▸ Task statement
Work through the listing below and give again exactly the lines from the one with "Nicole Recycled Tote - 8860R" to the one with "Laprovittola se da un homenaje", both ends included. All other lines and all pictures stay out.

▸ The data
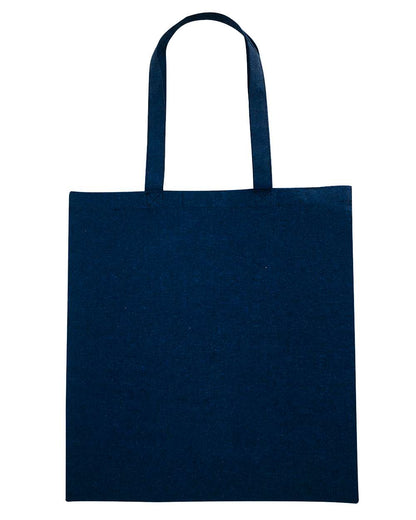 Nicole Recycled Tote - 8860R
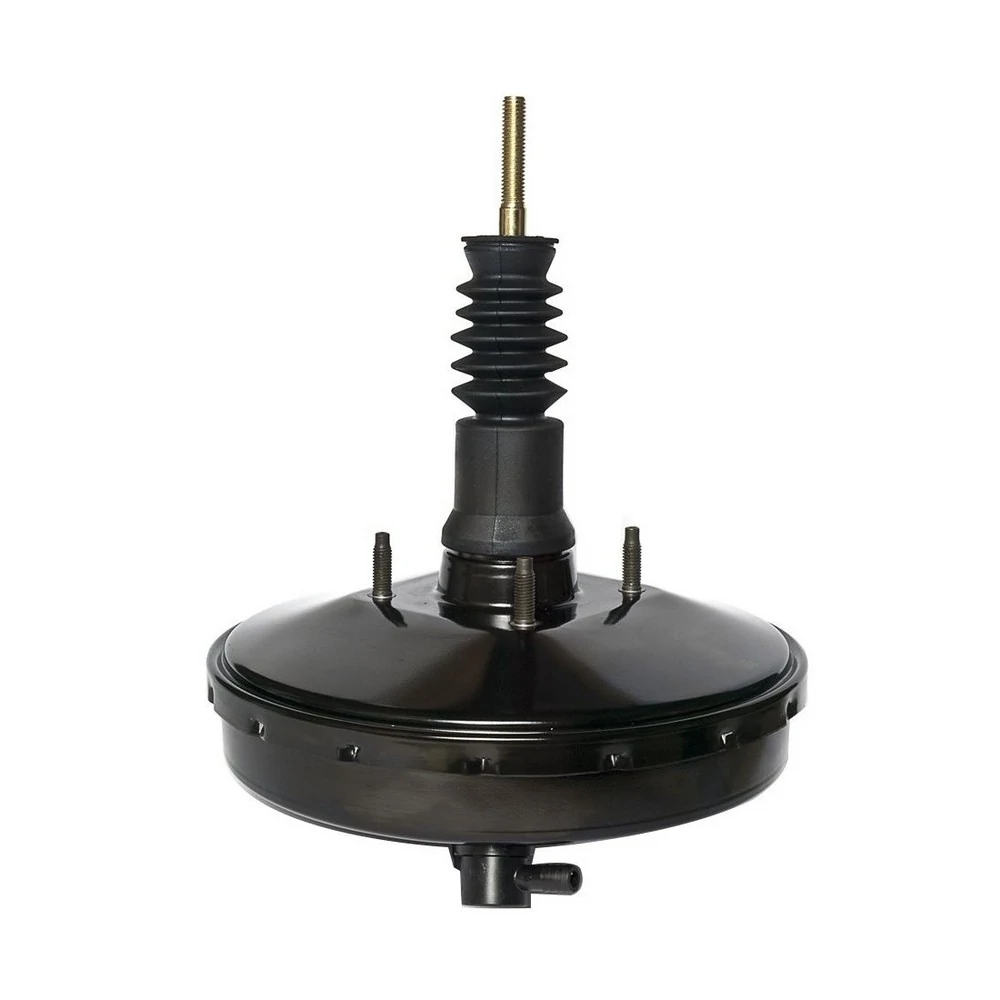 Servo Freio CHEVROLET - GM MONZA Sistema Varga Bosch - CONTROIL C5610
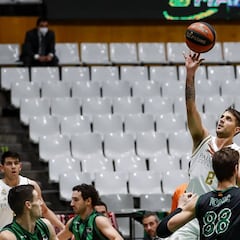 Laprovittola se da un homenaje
==
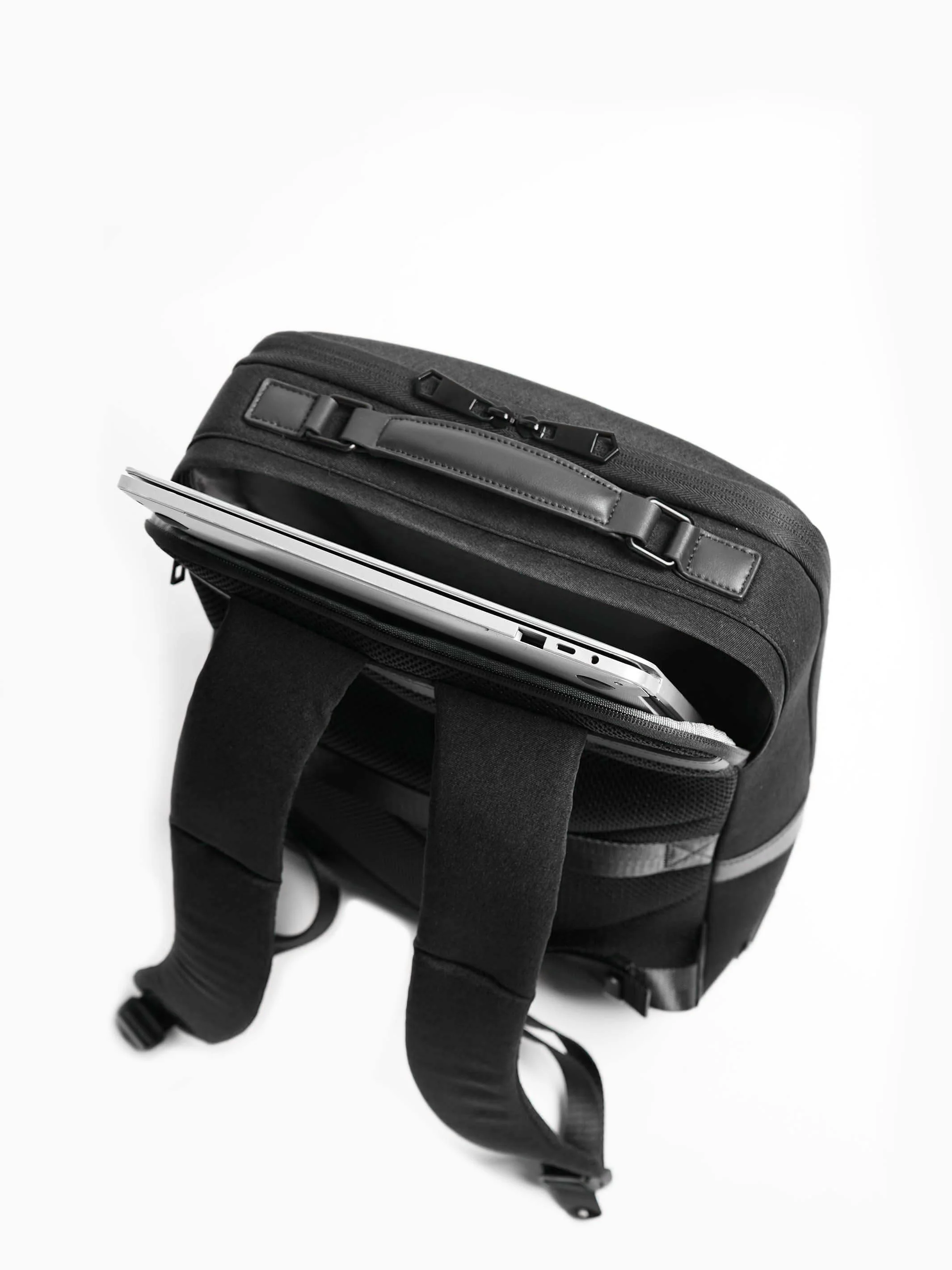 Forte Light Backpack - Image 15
---
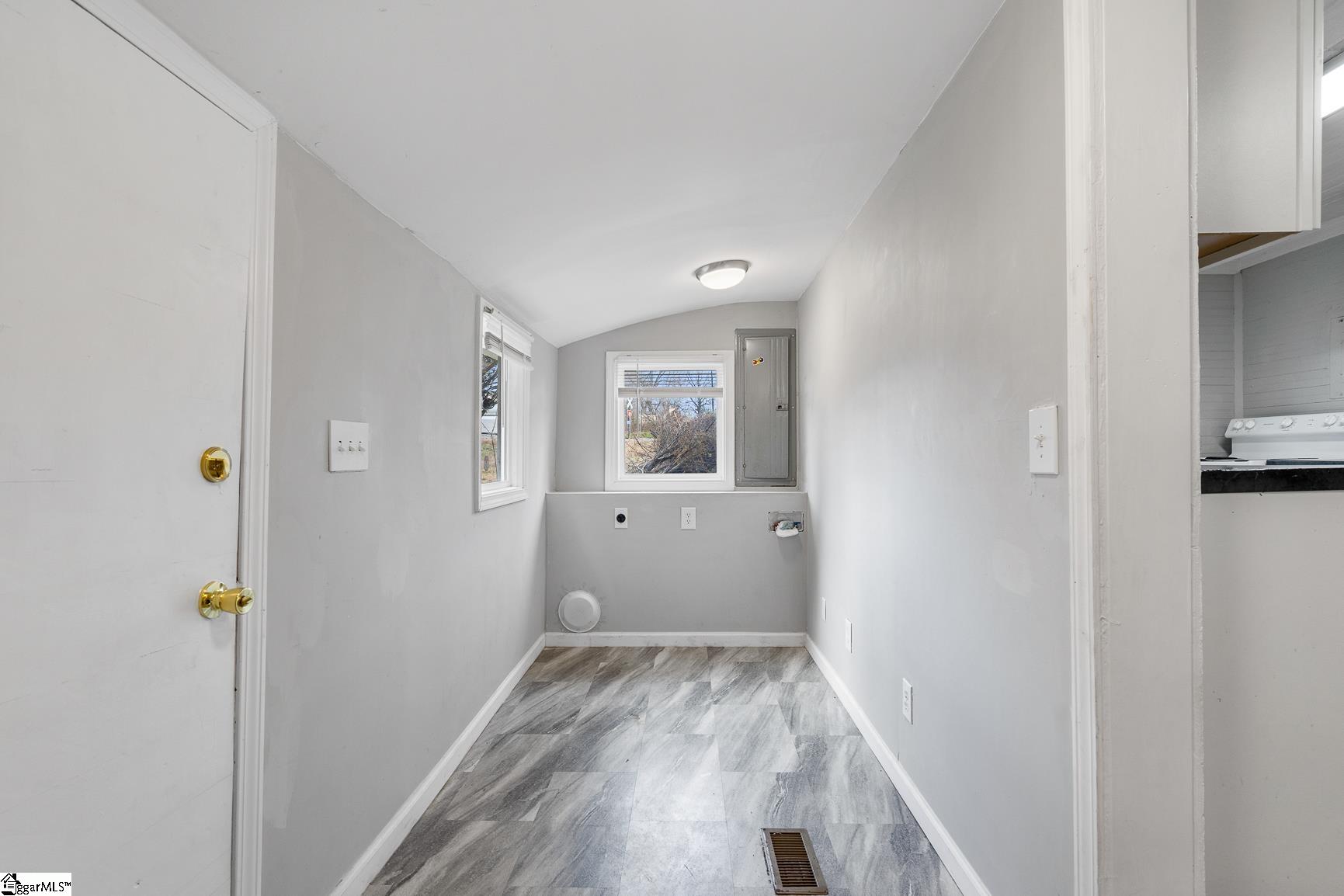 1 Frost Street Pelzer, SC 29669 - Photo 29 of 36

▸ Exercise response
 Nicole Recycled Tote - 8860R
 Servo Freio CHEVROLET - GM MONZA Sistema Varga Bosch - CONTROIL C5610
 Laprovittola se da un homenaje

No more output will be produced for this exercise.